Now to digress a bit with a personal story. In 1972 Gus Hall came to give a campaign speech at a college near me, so being the politically curious young person I was, I went to hear what he had to say. The room was not packed, but I would guess there were about 50 of us at most in attendance. The front row was comprised of maybe a half dozen senior citizens who apparently were local Communists and perhaps active in the 1930s. They were quite vocal in cheering for Mr. Hall. The back rows were filled with Right-wing hecklers. At least a couple Secret Service agents were on either side of the room.

Mr. Hall declared at the outset he would not answer any "rhetorical questions," a rule that came in quite handy when attendees from the back row would ask him a question he didn't like, or at least that was my impression. He apologized for the presence of the Secret Service agents, who he said were there against his wishes.

His demeanor was cheerful and one could see the heckling directed at him was just part of the game and he was clearly not bothered by it. I don't recall him ever using the word "Communist," instead he employed the substitute term of "Scientific Socialism."

One of the bits of trivia he happily shared was that in the 1950s when he was imprisoned he got to know and like the infamous Machine-Gun Kelly (better remembered in 1972 than now).

I asked Mr. Hall how as President he would tolerate those who still advocated for the capitalist system.

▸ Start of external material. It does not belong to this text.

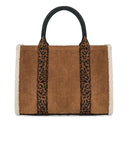 Borsa Kurt Geiger Southbank color cammello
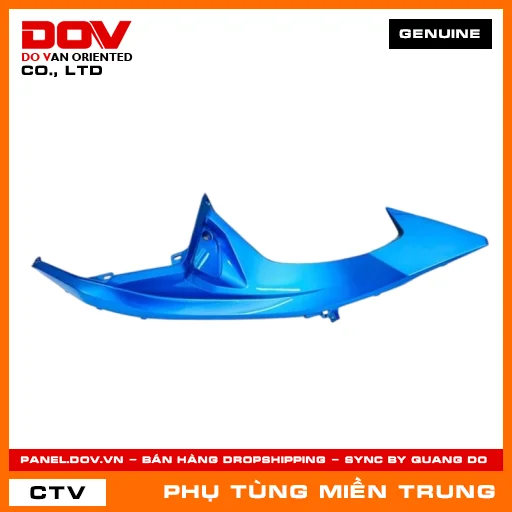 TẤM ỐP YẾM PHẢI *B189C* HONDA CHÍNH HÃNG (MÃ: 64410K66V00ZK) — 64410K66V00ZK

Rather than brush me aside as a rhetorical questioner he claimed he would pay capitalist apologists to speak in public in order to remind people how bad things used to be.

After the presentation was over I hung about a bit and noticed Mr. Hall was taken away in huge luxury car like a Lincoln or Cadillac.

The 1972 Hall/Tyner campaign was active and had the appearance of being better funded than most of the political parties running from the Left that year but they still trailed behind the Socialist Workers Party, Socialist Labor Party, and the People's Party. On the ballot in at least 15 states, their popular vote strongholds were Ohio 0.16%, District of Columbia 0.15%, Illinois 0.11%, and New York 0.08%.

The campaign (1976):

Same ticket as in 1972 but the political landscape was much different. The Vietnam War was over, Nixon was gone, and America had grown weary of keeping up with the social unrest of the 1960s and early 1970s and wanted a break (hence, Disco music and pet rocks). Since the major candidates President Gerald Ford and Gov. Jimmy Carter were both moderate centrists within their parties the CPUSA was able to claim with some justification that there was not a lot of ideological daylight between the two.

1976 was the best year in the CPUSA 1968-1984 range in terms of votes, but still below any of their showings percentage-wise between 1924-1940. On the ballot in almost half the states, they finished best in Louisiana 0.58%, Illinois 0.20%, Ohio 0.19%, Alabama 0.17%, California and New York 0.16% each.

Election history:
1978 - Governor of New York (Communist Party USA) - defeated
1985 - Mayor of New York City (People Before Profits) - defeated

Other occupations: industrial worker, lecturer, author

Notes:
Winner of the 1978 race was Hugh Carey.
Opponents in 1985 included Ed Koch (winner) and Lenora Fulani.
Moved to New York in 1967.
Jazz pianist McCoy Tyner is his older brother.
Joined the CPUSA in 1961 and remains allied to this day.